Казанская поэтесса Лиля Газизова больше всего напоминает автора, идущего по туго натянутой проволоке слова: кажется, вот-вот сорвется, но одновременно читателя не покидает и ощушение, что нет, дойдет. В этой ее уверенности есть какая-то сугубо мужская, а не женская отвага – поэты ведь часто проговариваются, то есть балансируют, еще чаще падают. Это в порядке вещей, но не для Газизовой.
Сами стихи ее – это попытка освоить слегка безвоздушное пространство, но пространство, всегда имеющее, пусть и хрупкую, опору под ногами. Верлибр ее предельно доходчив для читателя через свое доведенное почти до прозрачной легкости прохождение через ситуацию, переживание – ему бывает достаточно одного случайно брошенного взгляда. Она словно укрывает трудность борьбы с текстом, которая часто возникает у других. Отсюда отсутствие всякого нажима, необходимости давить на чувства, на жалость. При этом поэзия Газизовой не менее исповедальна. Это, как все еще принято говорить, «женская» поэзия. Нельзя назвать ее закрытым поэтом, но до конца открытым тоже нельзя – это скорее игра, перебрасывание мячика, как в теннисе: в какую сторону полетит.
Уловив вокруг себя некую мелочь, дуновение, Газизова оставляет овеществленным первое, но и второе при этом никуда не улетучивается. Она бывает склонна то к высказываниям совсем простым, то к предельно неожиданным переходам внутри своего стиха – наблюдающего (еще вернее – наблюдательного), но никогда не переходит чувства меры. И все это с присущей ей теплотой и приятием мира, какими бы сторонами он к ней ни оборачивался.
 
Я буду называть тебя
Наглым и самоуверенным,
Говорить, что от тебя пахнет луком.
Ты будешь смущаться,
А я – любоваться твоим смущением…
Мы будем есть груши и помидоры,
Искать то сахар, то соль,
Поднимать вечно падающие со стола предметы.
Замерзшие в ожидании ночи
Цветы в вазе будут прислушиваться
И недоумевать:
Когда эти двое займутся земледелием…
 
 
Михаил Свищев. «Одно из трех». М.; Водолей, 20013
 
Там аптекарский запах лип
в тридевятом июле-месяце,
обгоняя инфарктный лифт,
запыхался на черной лестнице.
 
В две ступеньки на каждый шаг,
и в открытом окне завистливо
летний вечер перемешал
свет торшера и телевизора,
 
там скамейка как перелом,
и в прихожей под книжной полкою
надрывается телефон
барабанными перепонками,
 
там тебя! – по второй разлей! –
не найдут ни с женой, ни с приставом,
как советские сто рублей
между Кафкой и Феоктистовым.
 
Михаил Свищев обратил на себя внимание сразу – еще ранними журнальными подборками в девяностые годы.
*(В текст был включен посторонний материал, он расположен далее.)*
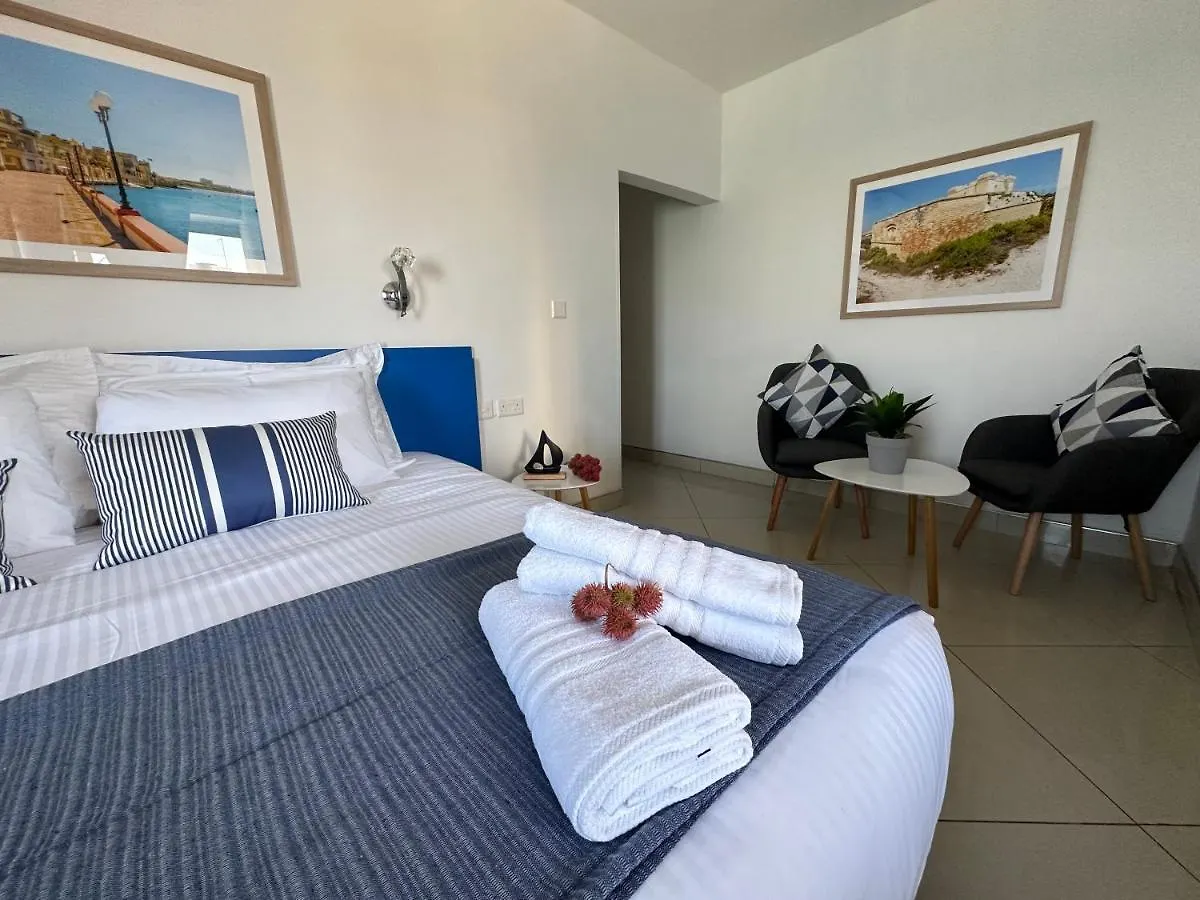 The Beach House Birżebbuġa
Сложно было объяснить, чем он так покорял на общем фоне, сейчас я полагаю, что какой-то внутренней отвагой, может быть, и развязностью, но главное, отсутствием всякого испуга ляпнуть что-нибудь не то и не так. Что ни говори, девяностые были эпохой стихов переусложненных, рафинированных или, напротив, чрезмерно заумных. И еще всех буквально завораживала интонация Иосифа Бродского. «Бродских» было так много, что, казалось, они никогда не кончатся.
Что касается Свищева, он после яркого дебюта внезапно исчез и исчез надолго. Поэтому-то его новое вступление в уже другую, отыгравшую во многие игры литературную жизнь и показалось таким неожиданным. Поэт заматерел, и плотность стихотворений в книге позволяет цитировать любое. Все настолько внутренне взаимосвязано. Это то, что называется «рука» – нет эффекта внутреннего усилия, вымучивания.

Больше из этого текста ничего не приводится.